*Your instructions*
A faithful copy of all the entries is required, with no pictures in it.

*Data supplied*
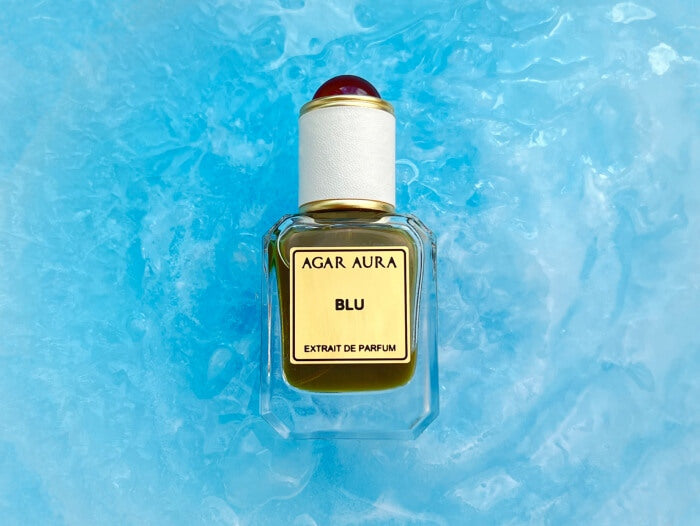 Agar Aura Blu (CHRISTMAS PRE ORDER)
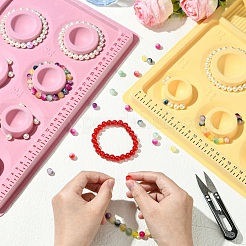 Plastic Bracelet Design Boards&nbsp;ODIS-P012-01A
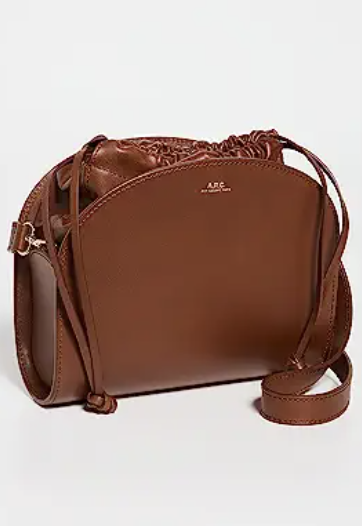 Brown Leather Bag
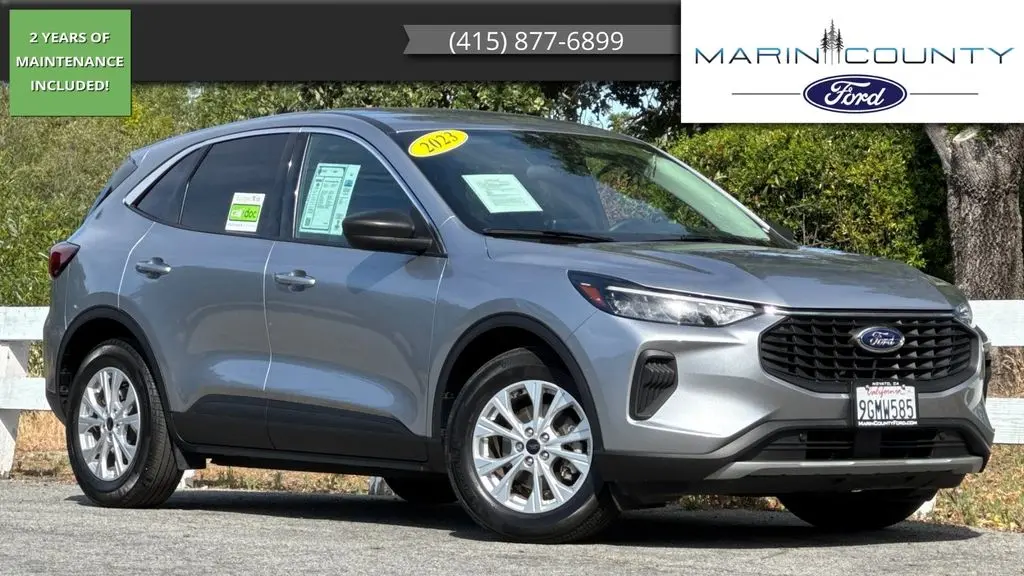 Preowned 2023 Ford Escape Active for Sale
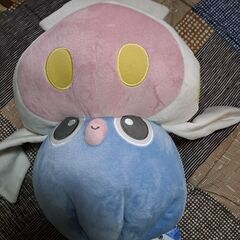 ポケモンセンターオリジナル ぬいぐるみ 等身大マーイーカ43×2...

*Result below*
 Agar Aura Blu (CHRISTMAS PRE ORDER)
 Plastic Bracelet Design Boards&nbsp;ODIS-P012-01A
 Brown Leather Bag
 Preowned 2023 Ford Escape Active for Sale
 ポケモンセンターオリジナル ぬいぐるみ 等身大マーイーカ43×2...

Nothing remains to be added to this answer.